Amazon has grown so much these days, it has decided to build its own subway lines to be able to supply the demand of its products. To maximize efficiency, every line is completely straight. As Jeff Bezos is the richest man on the planet, every subway line is large enough to be considered infinite on a 2D representation since good old Jeff will pay as much as necessary to cover all the planet.

Such long subway lines come with a catch: to be able to move products from one line to the other, the intersections must be strong enough to handle the weight of the cargo which is moved. After thorough research amazon scientists have concluded that an intersection is strong enough only when its subway lines form a right angle.

The engineering team has gathered pairs of locations which typically ship products between each other, for each pair the team wants to build a subway line. The team also wants to build as much strong intersections as possible. Note that is possible that more than one pair of locations may share the same subway line.

How many intersections will be built? The team wants you to help with this problem.

The first line contains the number of test cases $$$T$$$ $$$(1 \leq T \leq 100)$$$.

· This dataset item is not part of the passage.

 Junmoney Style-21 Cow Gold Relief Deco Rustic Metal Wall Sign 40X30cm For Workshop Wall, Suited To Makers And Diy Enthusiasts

Each test case starts with an integer $$$n$$$ $$$(1 \leq n \leq 10^5)$$$ which denotes the number of location pairs, next there will be $$$n$$$ lines with four integers $$$x_1, y_1, x_2, y_2$$$ where $$$(x_1, y_1)$$$ and $$$(x_2, y_2)$$$ are a location pair $$$(-2*10^4 \leq x_1, y_1, x_2, y_2 \leq 2*10^4)$$$.

For each test case print the number of intersections to build.

3
3
-3 2 2 2
3 1 3 -3
-3 -3 -1 -3
3
2 -2 -4 7
0 -2 6 2
4 -2 0 0
2
0 -1 -6 1
2 5 -3 0

2
1
0